| Action item |
Repeat verbatim, and only, the lines of the data below, beginning at the line that contains "La baremació publicada" and stopping after the line that contains "Guestwick Road, Wood".

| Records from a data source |
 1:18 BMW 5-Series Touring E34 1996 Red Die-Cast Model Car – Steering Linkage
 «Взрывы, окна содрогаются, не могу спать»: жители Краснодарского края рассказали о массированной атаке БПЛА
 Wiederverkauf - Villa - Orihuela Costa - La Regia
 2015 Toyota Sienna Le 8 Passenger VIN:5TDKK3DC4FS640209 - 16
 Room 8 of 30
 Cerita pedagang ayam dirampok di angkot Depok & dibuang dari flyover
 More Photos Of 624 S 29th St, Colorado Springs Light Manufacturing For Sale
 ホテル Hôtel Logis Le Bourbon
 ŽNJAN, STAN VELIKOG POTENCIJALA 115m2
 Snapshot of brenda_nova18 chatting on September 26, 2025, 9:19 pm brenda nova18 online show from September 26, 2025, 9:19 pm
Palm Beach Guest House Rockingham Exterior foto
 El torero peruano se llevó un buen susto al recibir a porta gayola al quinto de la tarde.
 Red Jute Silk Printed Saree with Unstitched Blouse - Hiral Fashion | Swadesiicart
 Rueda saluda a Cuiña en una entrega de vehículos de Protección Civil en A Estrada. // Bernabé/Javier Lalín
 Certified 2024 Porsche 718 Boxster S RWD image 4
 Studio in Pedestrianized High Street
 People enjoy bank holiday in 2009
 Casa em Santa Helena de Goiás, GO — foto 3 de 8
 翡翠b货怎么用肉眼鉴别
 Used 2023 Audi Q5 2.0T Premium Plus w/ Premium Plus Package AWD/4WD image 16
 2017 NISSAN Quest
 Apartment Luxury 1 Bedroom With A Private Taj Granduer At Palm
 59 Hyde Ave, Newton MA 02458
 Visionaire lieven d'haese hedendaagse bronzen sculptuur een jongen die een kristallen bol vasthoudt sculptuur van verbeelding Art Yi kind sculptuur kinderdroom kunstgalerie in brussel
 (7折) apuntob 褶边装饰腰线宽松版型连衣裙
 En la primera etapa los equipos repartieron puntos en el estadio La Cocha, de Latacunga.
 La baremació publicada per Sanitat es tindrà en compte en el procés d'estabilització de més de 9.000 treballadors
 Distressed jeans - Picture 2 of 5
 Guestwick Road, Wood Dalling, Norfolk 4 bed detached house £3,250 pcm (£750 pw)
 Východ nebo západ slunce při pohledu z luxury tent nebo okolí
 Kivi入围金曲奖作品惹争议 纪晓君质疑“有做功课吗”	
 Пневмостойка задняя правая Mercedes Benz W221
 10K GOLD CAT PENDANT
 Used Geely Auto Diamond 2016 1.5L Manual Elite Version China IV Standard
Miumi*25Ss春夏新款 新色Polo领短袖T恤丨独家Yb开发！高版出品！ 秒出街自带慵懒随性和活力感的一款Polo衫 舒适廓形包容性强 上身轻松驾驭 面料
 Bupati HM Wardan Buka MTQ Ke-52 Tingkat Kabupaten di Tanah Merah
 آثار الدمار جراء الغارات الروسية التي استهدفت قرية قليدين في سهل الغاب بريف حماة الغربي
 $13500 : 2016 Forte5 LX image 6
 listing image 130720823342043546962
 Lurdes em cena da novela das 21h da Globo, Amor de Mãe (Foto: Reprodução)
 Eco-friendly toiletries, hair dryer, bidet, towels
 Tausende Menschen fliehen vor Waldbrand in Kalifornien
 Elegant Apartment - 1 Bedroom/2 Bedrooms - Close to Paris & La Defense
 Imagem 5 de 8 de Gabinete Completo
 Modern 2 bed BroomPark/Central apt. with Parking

| Written solution |
 La baremació publicada per Sanitat es tindrà en compte en el procés d'estabilització de més de 9.000 treballadors
 Distressed jeans - Picture 2 of 5
 Guestwick Road, Wood Dalling, Norfolk 4 bed detached house £3,250 pcm (£750 pw)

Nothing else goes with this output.